HDMI was flicker on demo kit when running stress on gpu

Wayne.

This week , we had updated patch on R32.3.1 and running . Ths issue was happen on 1~2 day. Can you help to check it.

Bill

Hi Bill,

Could you use rel-32.4.2 and use that patch and see if you could still hit it?

Also, please do check the dmesg and make sure it is same error or new issue.

Hi WayneWWW,

We are testing R32.4.2 with the patch.

However, the nvgpu.ko from we built is about 88M.
The original nvgpu.ko is around 2.4M.

We did get the same size difference on R32.4.2 and R32.3.1.

Does you have the same size difference?

Thank you,

Hi HuiW,

That big size difference is because you didn’t strip the symobol of your nvgpu.ko.

https://docs.nvidia.com/jetson/l4t/index.html#page/Tegra%2520Linux%2520Driver%2520Package%2520Development%2520Guide%2Fkernel_custom.html%23wwpID0EUHA

Hi WayneWWW,

Thank you for your prompt support.
So the ko file with symbol should not affect the patch test, right?

Thanks,

It should not.

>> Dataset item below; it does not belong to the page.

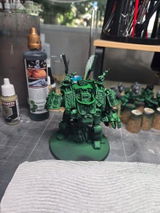 Joshua D. review photo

But better stripping it.

dear Wayne.

 We had try to use R32.4.2(update patch) and same issue was happen.

Bill

Hi Bill,

As I said, please also share the dmesg so that we can prove this issue is same as before.
Also, how much is the repro rate? How long it took to hit this issue?

error.log (109.7 KB)

Dear Wayne.

For R34.4.2, we  was duplication ths issue on the one day.

   Bill .

Hi Bill,

Thanks for sharing. Also want to make sure you’ve replaced the nvgpu.ko, right?

dear Wayne.

yes, we use new nvgpu.ko to test and test reult.

Bill

We will check. Thanks for report.

Hi Bill,

We verified this patch on rel-32.4.2 again. Ran for 22 hours and no error is shown.
I notice your device is in very high temperature. Would you might put a fan there and try again? I don’t want any throttling affects the test.

Also, could you add a print in the nvgpu so that we can confirm that you really replace the kernel module.

Hi Bill and HuiW,

Have you checked the temperature issue?

dear Wayne.

We had put a fan and reduce temperature . but the issue was haapen on 2 day .
Billerror.log (128.3 KB)

Hi Bill,

Does this always need to take 2 days to reproduce? So far we have not tried such long time before.

dear Wayne.

We had try again on 5 hours and duplicate it (put on Fan) . 

Bill

Hi Bill,

Could you try this issue and patch on multiple Nano device? For example, B01/A02 and production module. It is fine with custom carrier board for this test.

I just checked and notice our test is also running for 2 days but no issue.

dear Wayne.

we had try two B01 module and duplication same issue . We use run 4H (power mode=MaxN) and can be duplication it.

Bill

1 Like

Do you have A02 module to do the test?